Tools & Why Each One

Tool Role Analogy
XGBoost Learns patterns from molecular features The brain
MLflow Tracks experiments, stores model versions Git for models
BentoML Packages model as a production HTTP API The lunchbox
Docker Containerizes the bento for any machine The delivery truck
Kubernetes Orchestrates containers at scale The warehouse manager
Azure AKS Hosts Kubernetes in the cloud The restaurant

Key Design Decisions

Why Butina Clustering Split?

Random splits are over-optimistic for molecular ML. If training molecules are similar to test molecules (high Tanimoto similarity), the model appears to perform better than it actually does on new chemical series.

Butina clustering groups molecules by structural similarity and assigns whole clusters to either train or test — ensuring the test set contains genuinely new chemical scaffolds.

Random split:  Train molecule ←→ Test molecule  (Tanimoto ~0.8, too similar)
Butina split:  Train cluster  ←→ Test cluster   (Tanimoto ~0.3, genuinely different)

Why MLflow + BentoML instead of one tool?

MLflow is optimised for the training side — experiment comparison, hyperparameter logging, model versioning. BentoML is optimised for the serving side — HTTP APIs, batching, containerization. They are intentionally separate so the data scientist and the deployment engineer can work independently.

Why save with bentoml.sklearn not bentoml.xgboost?

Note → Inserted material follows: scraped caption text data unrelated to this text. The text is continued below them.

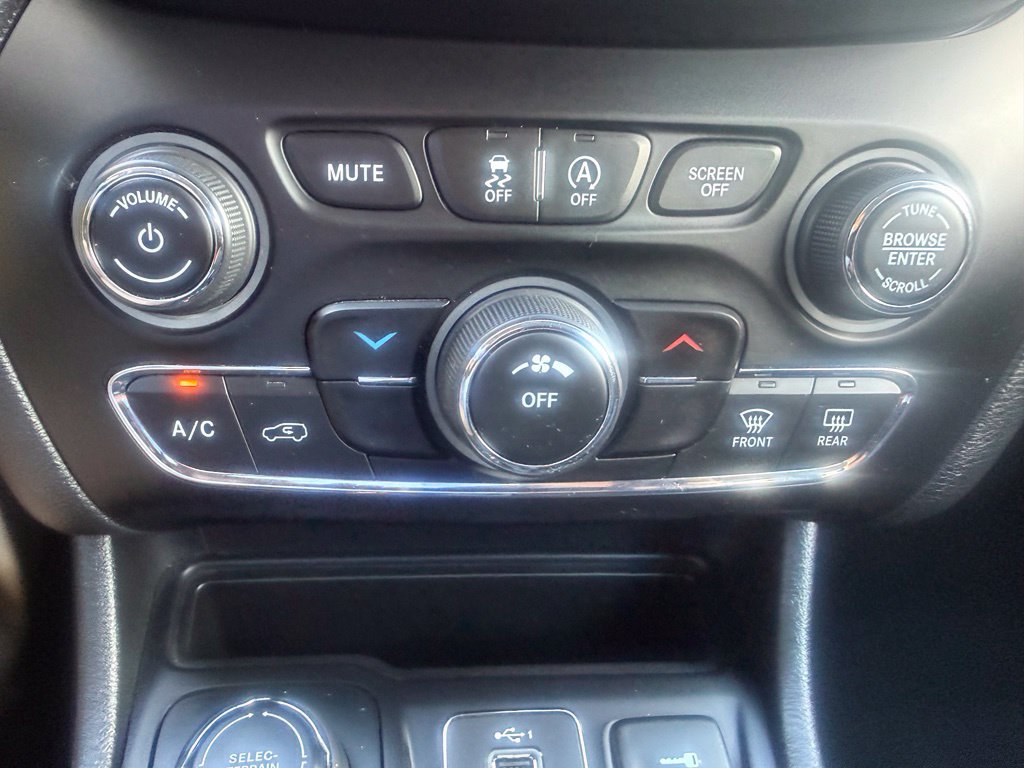 Used 2020 Jeep Cherokee Latitude AWD/4WD image 62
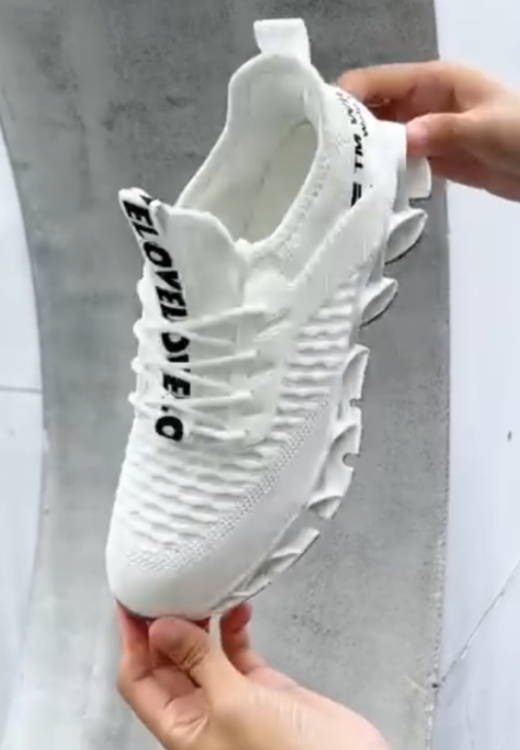 Men's lightweight white letter sneakers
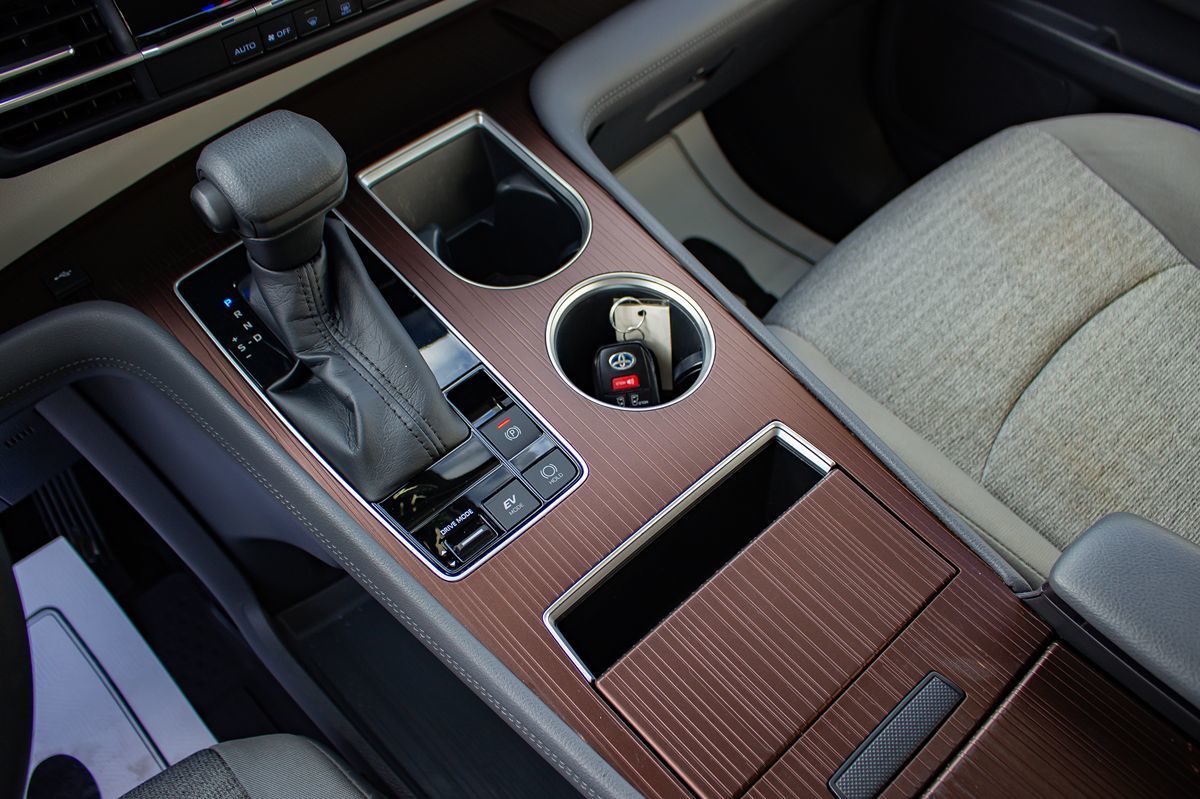 Photo 26 of this Toyota Sienna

When a model is logged via mlflow.sklearn.log_model(), it is stored as a scikit-learn pickle. Loading it back with mlflow.sklearn.load_model() returns an XGBRegressor object with its full sklearn wrapper intact. Saving this into BentoML with bentoml.sklearn.save_model() preserves the _estimator_type attribute that XGBoost requires to load correctly inside the container.


Setup

Prerequisites

  • Python 3.11
  • conda or miniforge
  • Docker Desktop
  • kubectl
  • Azure CLI (brew install azure-cli)

Install dependencies

conda create -n proj19 python=3.11 -y
conda activate proj19

pip install setuptools==69.5.1
pip install numpy==1.26.4
pip install pandas==2.2.0
pip install scikit-learn==1.4.0
pip install xgboost==2.0.3
pip install mlflow==2.11.0
pip install optuna==3.5.0
pip install rdkit==2023.9.5
pip install pydantic==1.10.13
pip install bentoml==1.3.4.post1

Running the Pipeline

Step 1 — Train the model

python train_logs.py

This will:

  • Download the Delaney logS dataset
  • Compute Morgan fingerprints + physicochemical descriptors
  • Perform Butina clustering split
  • Run 50 Optuna trials logged as nested MLflow runs
  • Register the best model in the MLflow Model Registry

View results in MLflow UI:

mlflow ui --backend-store-uri sqlite:///mlflow.db
# Open http://localhost:5000

Step 2 — Export model to BentoML

python save_model.py

Pulls the registered model from MLflow and saves it into BentoML's local model store as a scikit-learn pickle.

Verify:

bentoml models list

Step 3 — Test the API locally

bentoml serve service:svc
# Open http://localhost:3000

Test with curl:

curl -X POST http://localhost:3000/predict \
  -H "Content-Type: application/json" \
  -d '{"smiles": ["CC(=O)O", "c1ccccc1"]}'

Expected response:

{
  "smiles": ["CC(=O)O", "c1ccccc1"],
  "logS": [0.814, -1.72],
  "valid": [true, true]
}

Step 4 — Build the Bento bundle

bentoml build

Step 5 — Export and containerize

# Export bento
bentoml export logs-predictor-bento:latest ./bento_export.tar
mkdir bento_export
tar -xf bento_export.tar -C bento_export

# Fix Dockerfile for newer uv installer
sed -i '' 's/.cargo\/bin\/uv/.local\/bin\/uv/' bento_export/env/docker/Dockerfile

# Build multi-platform Docker image (arm64 for Mac, amd64 for Azure)
cd bento_export
docker buildx build \
  --platform linux/amd64,linux/arm64 \
  -t your-dockerhub-username/logs-predictor:v1 \
  -f env/docker/Dockerfile \
  --push \
  --progress=plain \
  --no-cache \
  .

Step 6 — Deploy to Kubernetes

Update deployment.yaml with your Docker Hub image tag, then:

# Local (Docker Desktop)
kubectl apply -f deployment.yaml
kubectl port-forward svc/logs-predictor-svc 3000:80

# Azure AKS
az aks get-credentials --resource-group logs-predictor-rg --name logs-predictor-aks
kubectl apply -f deployment.yaml
kubectl get svc logs-predictor-svc  # get public IP

Azure Deployment

Create AKS cluster

# Login
az login

# Create resource group
az group create --name logs-predictor-rg --location ukwest

# Register AKS provider
az provider register --namespace Microsoft.ContainerService

# Create cluster
az aks create \
  --resource-group logs-predictor-rg \
  --name logs-predictor-aks \
  --node-count 2 \
  --node-vm-size Standard_B2s_v2 \
  --generate-ssh-keys

# Connect kubectl to Azure
az aks get-credentials \
  --resource-group logs-predictor-rg \
  --name logs-predictor-aks

# Deploy
kubectl apply -f deployment.yaml

# Get public IP
kubectl get svc logs-predictor-svc

Cost management

# Stop cluster overnight (stops VM charges)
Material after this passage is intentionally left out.